> What you are asked to do: Report only how many lines in the listing below contain the string "click".

> Excerpted data:
[Start of section]

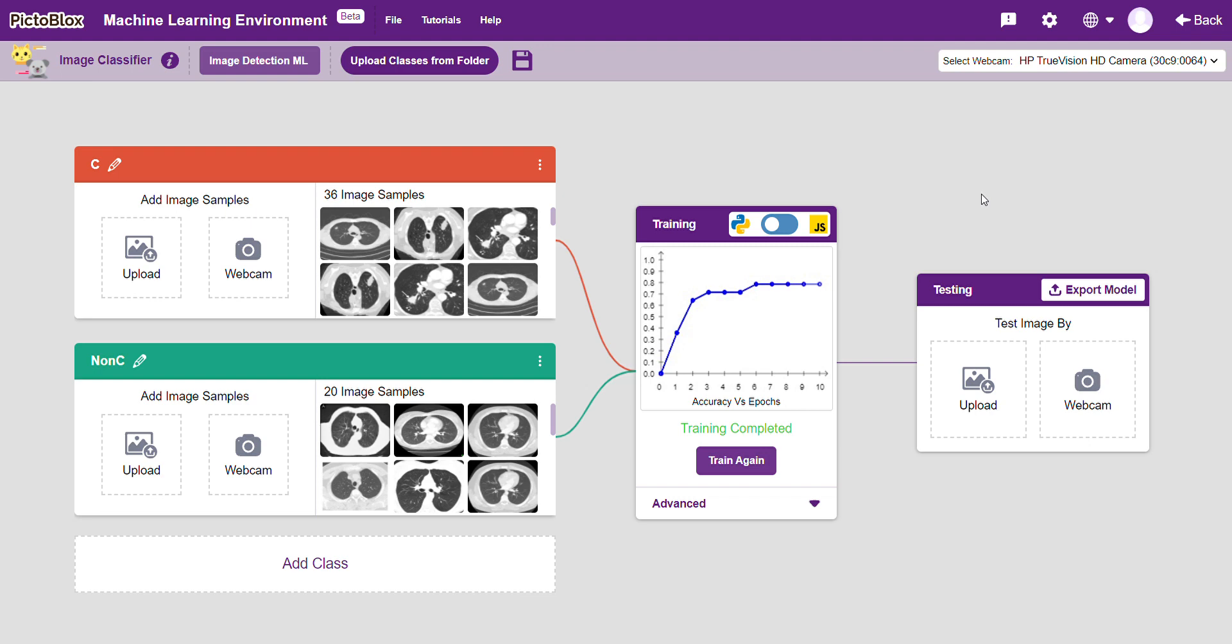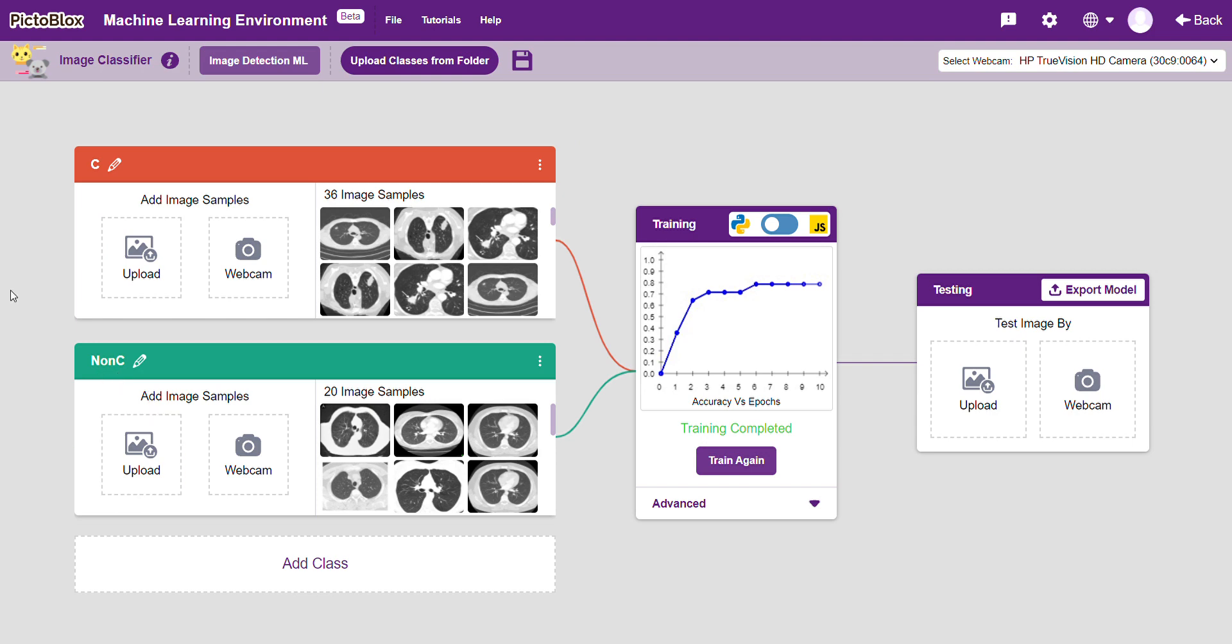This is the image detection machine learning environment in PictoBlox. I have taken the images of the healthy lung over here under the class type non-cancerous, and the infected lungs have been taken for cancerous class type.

[End of section]
[Start of section]

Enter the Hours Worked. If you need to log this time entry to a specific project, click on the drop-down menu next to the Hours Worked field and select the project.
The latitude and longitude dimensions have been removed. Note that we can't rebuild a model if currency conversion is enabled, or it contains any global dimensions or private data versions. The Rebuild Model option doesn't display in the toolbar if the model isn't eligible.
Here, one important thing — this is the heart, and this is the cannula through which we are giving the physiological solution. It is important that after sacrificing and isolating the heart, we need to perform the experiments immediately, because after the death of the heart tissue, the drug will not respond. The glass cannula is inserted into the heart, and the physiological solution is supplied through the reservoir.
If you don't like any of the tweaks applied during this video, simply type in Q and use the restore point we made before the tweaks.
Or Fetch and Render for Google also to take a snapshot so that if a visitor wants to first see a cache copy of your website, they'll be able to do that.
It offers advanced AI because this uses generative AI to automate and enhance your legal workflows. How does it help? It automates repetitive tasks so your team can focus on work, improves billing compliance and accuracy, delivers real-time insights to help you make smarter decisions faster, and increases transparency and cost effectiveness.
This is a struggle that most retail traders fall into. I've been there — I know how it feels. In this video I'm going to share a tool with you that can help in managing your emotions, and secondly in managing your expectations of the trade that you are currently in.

[End of section]
[Start of section]

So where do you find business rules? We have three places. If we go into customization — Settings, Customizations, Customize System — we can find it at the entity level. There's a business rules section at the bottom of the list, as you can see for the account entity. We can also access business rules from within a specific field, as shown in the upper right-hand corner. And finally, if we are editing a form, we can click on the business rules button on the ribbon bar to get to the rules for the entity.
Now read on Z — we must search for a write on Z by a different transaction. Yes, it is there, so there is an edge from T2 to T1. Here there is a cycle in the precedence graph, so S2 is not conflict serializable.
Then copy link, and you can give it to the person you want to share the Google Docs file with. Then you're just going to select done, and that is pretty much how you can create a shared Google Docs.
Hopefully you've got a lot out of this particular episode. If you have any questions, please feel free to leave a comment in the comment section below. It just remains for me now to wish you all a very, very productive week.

[End of section]

> The answer: 2